With all the excitement around recent advances in Machine Learning / AI, we’re seeing more and more focus on these techniques. But let’s just get one thing straight. Your job is not machine learning. To be excruciatingly clear, here are a few concrete examples of jobs that are NOT machine learning.
You are a data scientist.
You are a data engineer.
You are a data analyst.
You are a machine learning engineer.
You are a machine learning infrastructure engineer.
Your job title is “literally all I do is machine learning all day every day”.
Nope, your job is still not machine learning.
Machine learning is a technique. Potentially a powerful one that has seen many advances in recent years. But your job is not to constrain yourself to a specific technique. Your job is to have impact by solving business problems. And when we think about impact, everything is an ROI computation.
How ML Got Here
This emphasis on impact over technique could really be said about many fields, so what’s special about machine learning? A few things.

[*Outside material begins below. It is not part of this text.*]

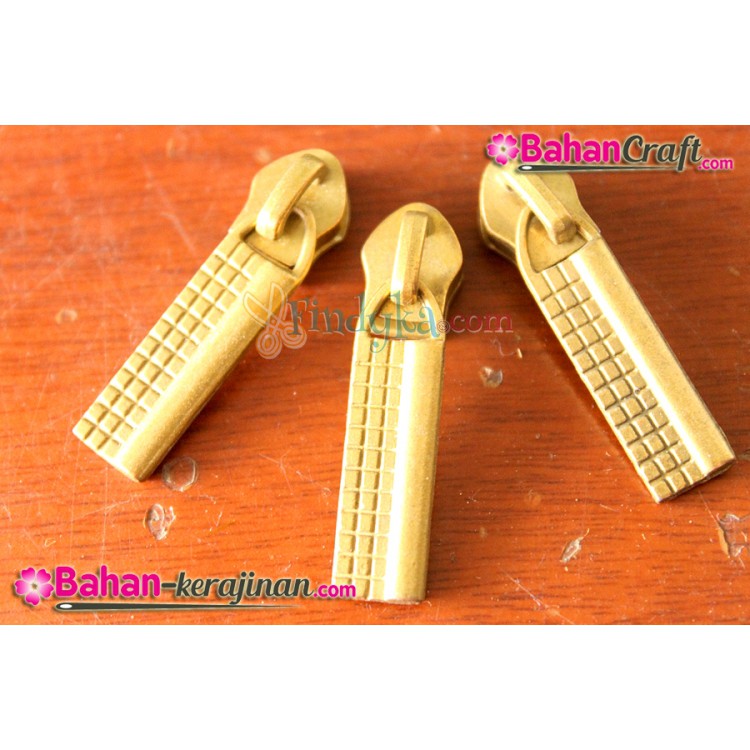 Kepala resleting utk rits plastik KRP07 gold harga per pc(biji)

First, academia is designed to push the boundaries of our knowledge. As such novel techniques ARE often the end goal. No one is going to publish your paper using linear regression on a standard dataset, even if performance is perfectly fine for the application. Many of us come from such an academic background, primed to think in terms of cleverness and novelty rather than impact and practically.

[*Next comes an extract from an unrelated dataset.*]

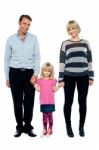 Cute Daughter Holding Hands Of Her Parents Tightly Stock Photo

Second, the investment required for effective machine learning is huge, enormous even. Sure you can train a model on your laptop, but what then. A whole slew of engineering is necessary to take any model from development to production. From real time feature computation to performance monitoring and more, there’s a lot of investment necessary. Even world class machine learning focused organizations are still working on getting this right. Unless you know your return is going to be similarly huge, a machine learning approach is at best risky and at worst can cost you and your organization an insane amount of time and money.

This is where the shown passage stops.